Topic Modeling in Embedding Spaces

Paper · arXiv 1907.04907 · Published July 8, 2019

Topic modeling analyzes documents to learn meaningful patterns of words. However, existing topic models fail to learn interpretable topics when working with large and heavy-tailed vocabularies. To this end, we develop the embedded topic model (ETM), a generative model of documents that marries traditional topic models with word embeddings. In particular, it models each word with a categorical distribution whose natural parameter is the inner product between a word embedding and an embedding of its assigned topic.

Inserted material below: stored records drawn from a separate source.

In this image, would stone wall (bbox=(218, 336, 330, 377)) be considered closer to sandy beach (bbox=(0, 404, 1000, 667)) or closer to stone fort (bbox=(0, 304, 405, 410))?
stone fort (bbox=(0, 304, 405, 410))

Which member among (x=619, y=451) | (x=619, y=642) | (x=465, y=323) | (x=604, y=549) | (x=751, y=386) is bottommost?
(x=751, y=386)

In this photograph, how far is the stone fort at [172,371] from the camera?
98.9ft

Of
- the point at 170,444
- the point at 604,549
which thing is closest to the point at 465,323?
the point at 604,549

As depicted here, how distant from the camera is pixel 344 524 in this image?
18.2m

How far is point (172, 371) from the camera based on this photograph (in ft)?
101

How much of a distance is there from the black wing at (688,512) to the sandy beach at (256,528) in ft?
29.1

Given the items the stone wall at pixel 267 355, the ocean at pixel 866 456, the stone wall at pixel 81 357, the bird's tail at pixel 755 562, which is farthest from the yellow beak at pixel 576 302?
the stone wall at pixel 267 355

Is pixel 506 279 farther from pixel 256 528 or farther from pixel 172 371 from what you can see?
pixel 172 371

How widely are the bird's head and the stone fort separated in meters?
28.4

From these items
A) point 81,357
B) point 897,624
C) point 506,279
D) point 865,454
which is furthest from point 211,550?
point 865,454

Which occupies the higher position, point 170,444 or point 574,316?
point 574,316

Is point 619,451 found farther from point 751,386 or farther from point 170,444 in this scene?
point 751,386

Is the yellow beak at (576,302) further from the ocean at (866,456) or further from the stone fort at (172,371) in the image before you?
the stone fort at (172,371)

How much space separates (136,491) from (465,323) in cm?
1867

Topic models are statistical tools for discovering the hidden semantic structure in a collection of documents (Blei et al., 2003; Blei, 2012). Topic models and their extensions have been applied to many fields, such as marketing, sociology, political science, and the digital humanities. Boyd- Graber et al. (2017) provide a review.

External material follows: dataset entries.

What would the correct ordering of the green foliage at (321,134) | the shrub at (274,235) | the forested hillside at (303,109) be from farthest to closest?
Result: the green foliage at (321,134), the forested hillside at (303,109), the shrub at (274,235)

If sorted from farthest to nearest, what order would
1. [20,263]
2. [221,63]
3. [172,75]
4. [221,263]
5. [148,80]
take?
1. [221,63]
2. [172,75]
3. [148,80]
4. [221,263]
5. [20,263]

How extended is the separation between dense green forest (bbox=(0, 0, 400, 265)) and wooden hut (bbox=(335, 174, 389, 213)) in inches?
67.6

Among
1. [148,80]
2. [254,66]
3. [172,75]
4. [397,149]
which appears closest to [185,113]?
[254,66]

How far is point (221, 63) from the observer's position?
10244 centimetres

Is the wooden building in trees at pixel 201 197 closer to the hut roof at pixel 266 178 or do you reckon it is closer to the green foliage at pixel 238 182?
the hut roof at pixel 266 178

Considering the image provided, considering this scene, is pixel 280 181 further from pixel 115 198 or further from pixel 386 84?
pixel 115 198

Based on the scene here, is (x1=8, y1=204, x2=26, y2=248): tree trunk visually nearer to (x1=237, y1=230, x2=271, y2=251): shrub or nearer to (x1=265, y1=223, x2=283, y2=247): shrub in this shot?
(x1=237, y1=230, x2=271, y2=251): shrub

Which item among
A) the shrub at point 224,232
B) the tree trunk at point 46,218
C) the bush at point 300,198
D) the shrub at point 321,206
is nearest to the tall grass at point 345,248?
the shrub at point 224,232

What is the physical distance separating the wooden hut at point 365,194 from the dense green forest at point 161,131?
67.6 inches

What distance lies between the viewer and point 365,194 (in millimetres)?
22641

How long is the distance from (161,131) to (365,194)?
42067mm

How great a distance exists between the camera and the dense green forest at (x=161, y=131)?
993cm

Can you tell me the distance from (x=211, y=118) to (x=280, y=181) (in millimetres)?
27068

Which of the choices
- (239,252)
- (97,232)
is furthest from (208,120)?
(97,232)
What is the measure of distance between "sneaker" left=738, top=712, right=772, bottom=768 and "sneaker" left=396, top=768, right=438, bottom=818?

Most topic models build on latent Dirichlet allocation (LDA) (Blei et al., 2003). LDA is a hierarchical probabilistic model that represents each topic as a distribution over terms and represents each document as a mixture of the topics. When fit to a collection of documents, the topics summarize their contents, and the topic proportions provide a low-dimensional representation of each one. LDA can be fit to large datasets of text by using variational inference and stochastic optimization (Hoffman et al., 2010, 2013).

LDA is a powerful model and it is widely used. However, it suffers from a pervasive technical problem—it fails in the face of large vocabularies. Practitioners must severely prune their vocabularies in order to fit good topic models, i.e., those that are both predictive and interpretable. This is typically done by removing the most and least frequent words. On large collections, this pruning may remove important terms and limit the scope of the models. The problem of topic modeling with large vocabularies has yet to be addressed in the research literature.

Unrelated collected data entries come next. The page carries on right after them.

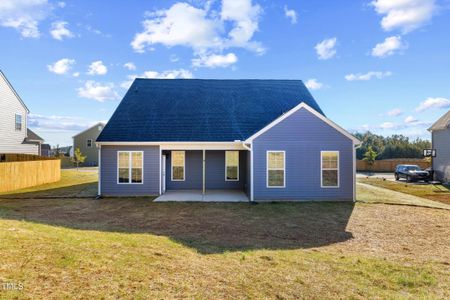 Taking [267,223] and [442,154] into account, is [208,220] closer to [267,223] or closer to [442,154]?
[267,223]

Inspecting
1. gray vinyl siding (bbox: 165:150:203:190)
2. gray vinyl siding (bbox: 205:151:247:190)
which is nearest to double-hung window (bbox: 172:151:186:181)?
gray vinyl siding (bbox: 165:150:203:190)

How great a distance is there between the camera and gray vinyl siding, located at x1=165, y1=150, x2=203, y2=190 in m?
18.7

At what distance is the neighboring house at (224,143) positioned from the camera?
14984 millimetres

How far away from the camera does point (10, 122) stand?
26453 mm

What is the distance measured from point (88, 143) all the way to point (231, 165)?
37.8 m

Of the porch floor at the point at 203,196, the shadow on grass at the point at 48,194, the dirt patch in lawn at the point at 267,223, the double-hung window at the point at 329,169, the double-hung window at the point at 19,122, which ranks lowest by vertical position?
the dirt patch in lawn at the point at 267,223

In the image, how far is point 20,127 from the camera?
2802 cm

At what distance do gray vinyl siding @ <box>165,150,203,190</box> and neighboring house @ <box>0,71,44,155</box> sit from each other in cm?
1654

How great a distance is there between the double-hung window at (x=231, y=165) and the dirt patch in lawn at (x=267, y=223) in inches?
185

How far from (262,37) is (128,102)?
9.54 m

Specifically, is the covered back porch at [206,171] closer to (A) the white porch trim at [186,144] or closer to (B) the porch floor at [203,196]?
(B) the porch floor at [203,196]

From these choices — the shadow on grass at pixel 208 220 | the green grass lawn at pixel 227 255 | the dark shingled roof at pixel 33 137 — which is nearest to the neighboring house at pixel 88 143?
the dark shingled roof at pixel 33 137

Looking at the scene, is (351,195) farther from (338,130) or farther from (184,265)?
(184,265)

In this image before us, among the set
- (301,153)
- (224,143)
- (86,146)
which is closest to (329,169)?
(301,153) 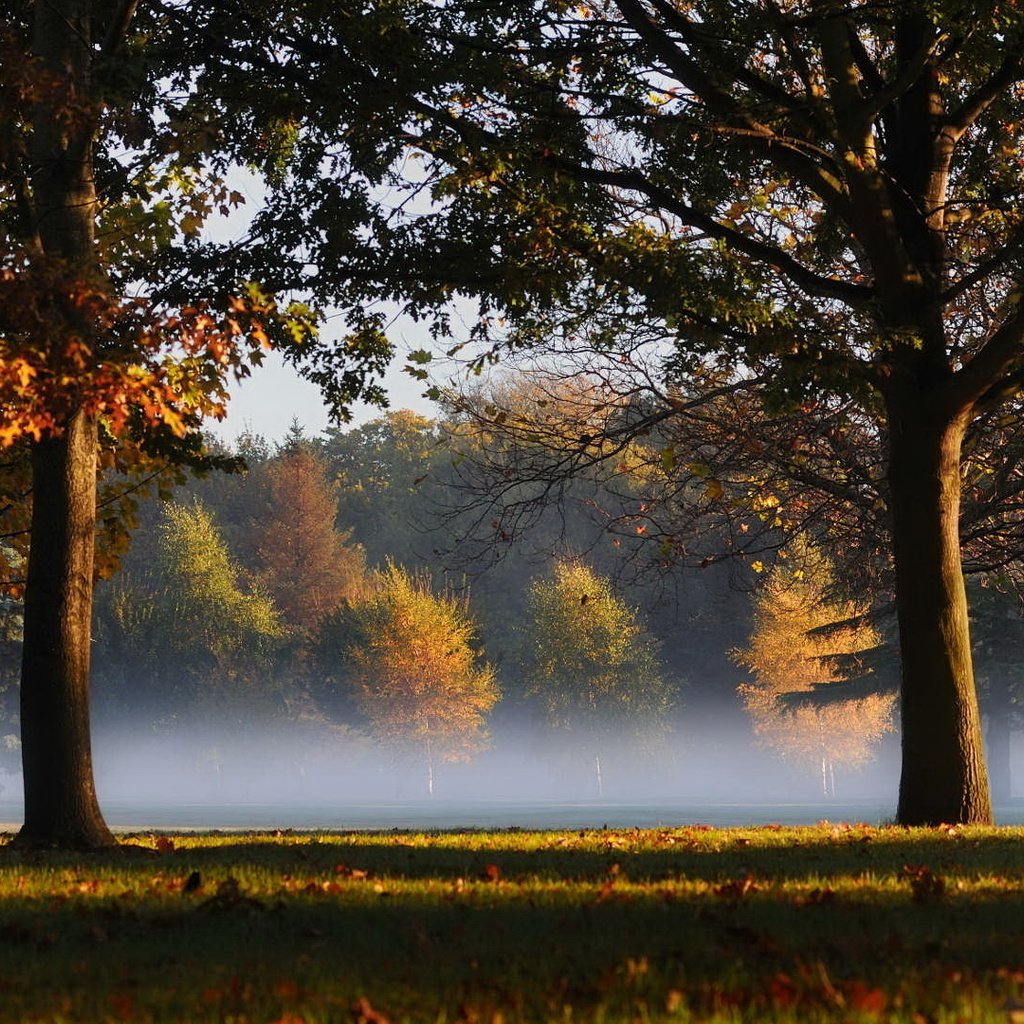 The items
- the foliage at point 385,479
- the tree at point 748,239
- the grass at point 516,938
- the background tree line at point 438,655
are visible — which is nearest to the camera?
the grass at point 516,938

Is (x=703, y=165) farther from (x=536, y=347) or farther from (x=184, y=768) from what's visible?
(x=184, y=768)

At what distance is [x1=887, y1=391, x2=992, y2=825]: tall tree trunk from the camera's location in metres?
13.8

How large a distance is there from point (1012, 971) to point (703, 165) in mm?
11458

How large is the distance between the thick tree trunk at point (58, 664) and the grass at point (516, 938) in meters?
1.82

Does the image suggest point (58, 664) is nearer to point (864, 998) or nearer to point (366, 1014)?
point (366, 1014)

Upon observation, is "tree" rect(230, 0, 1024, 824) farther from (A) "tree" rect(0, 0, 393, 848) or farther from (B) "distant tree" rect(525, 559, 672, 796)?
(B) "distant tree" rect(525, 559, 672, 796)

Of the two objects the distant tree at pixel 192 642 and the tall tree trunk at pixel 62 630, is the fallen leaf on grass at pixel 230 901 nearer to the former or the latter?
the tall tree trunk at pixel 62 630

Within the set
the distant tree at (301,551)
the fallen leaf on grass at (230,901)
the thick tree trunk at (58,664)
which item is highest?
the distant tree at (301,551)

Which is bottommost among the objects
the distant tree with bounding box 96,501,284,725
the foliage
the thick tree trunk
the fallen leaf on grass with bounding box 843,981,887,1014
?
the fallen leaf on grass with bounding box 843,981,887,1014

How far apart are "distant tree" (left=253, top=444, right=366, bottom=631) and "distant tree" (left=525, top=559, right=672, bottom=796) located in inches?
872

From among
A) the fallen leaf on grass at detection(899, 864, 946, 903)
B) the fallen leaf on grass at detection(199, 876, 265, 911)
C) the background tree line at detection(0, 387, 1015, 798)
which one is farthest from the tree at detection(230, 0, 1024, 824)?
the background tree line at detection(0, 387, 1015, 798)

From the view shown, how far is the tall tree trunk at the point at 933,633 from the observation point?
13.8 meters

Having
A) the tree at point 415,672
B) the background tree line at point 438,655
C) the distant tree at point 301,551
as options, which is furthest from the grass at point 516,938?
the distant tree at point 301,551

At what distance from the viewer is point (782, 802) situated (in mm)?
71312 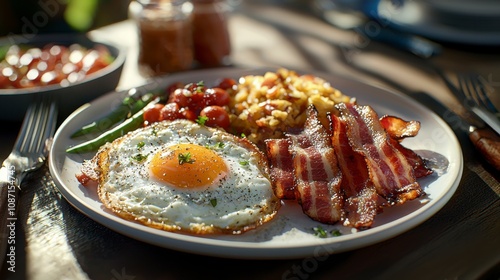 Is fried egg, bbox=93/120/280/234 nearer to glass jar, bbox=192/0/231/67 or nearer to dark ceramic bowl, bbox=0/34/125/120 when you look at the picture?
dark ceramic bowl, bbox=0/34/125/120

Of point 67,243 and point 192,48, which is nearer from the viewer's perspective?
point 67,243

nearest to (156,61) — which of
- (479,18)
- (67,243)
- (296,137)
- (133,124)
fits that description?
(133,124)

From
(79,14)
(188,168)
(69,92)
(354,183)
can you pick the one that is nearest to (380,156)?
(354,183)

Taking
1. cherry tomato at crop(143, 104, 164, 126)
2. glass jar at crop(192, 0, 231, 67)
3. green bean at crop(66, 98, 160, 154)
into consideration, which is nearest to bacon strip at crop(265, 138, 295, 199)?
cherry tomato at crop(143, 104, 164, 126)

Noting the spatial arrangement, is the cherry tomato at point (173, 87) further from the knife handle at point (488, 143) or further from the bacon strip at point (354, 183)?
the knife handle at point (488, 143)

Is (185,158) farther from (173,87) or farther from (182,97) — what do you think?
(173,87)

In parallel with topic modeling came the idea of word embeddings. Research in word embeddings begins with the neural language model of Bengio et al. (2003), published in the same year and journal as Blei et al. (2003). Word embeddings eschew the “one-hot” representation of words— a vocabulary-length vector of zeros with a single one—to learn a distributed representation, one where words with similar meanings are close in a lower-dimensional vector space (Rumelhart and Abrahamson, 1973; Bengio et al., 2006).

In this paper, we develop the embedded topic model (ETM), a topic model for word embeddings. The ETM enjoys the good properties of topic models and the good properties of word embeddings

As a topic model, it discovers an interpretable latent semantic structure of the texts; as a word embedding, it provides a low-dimensional representation of the meaning of words. It robustly accommodates large vocabularies and the long tail of language data.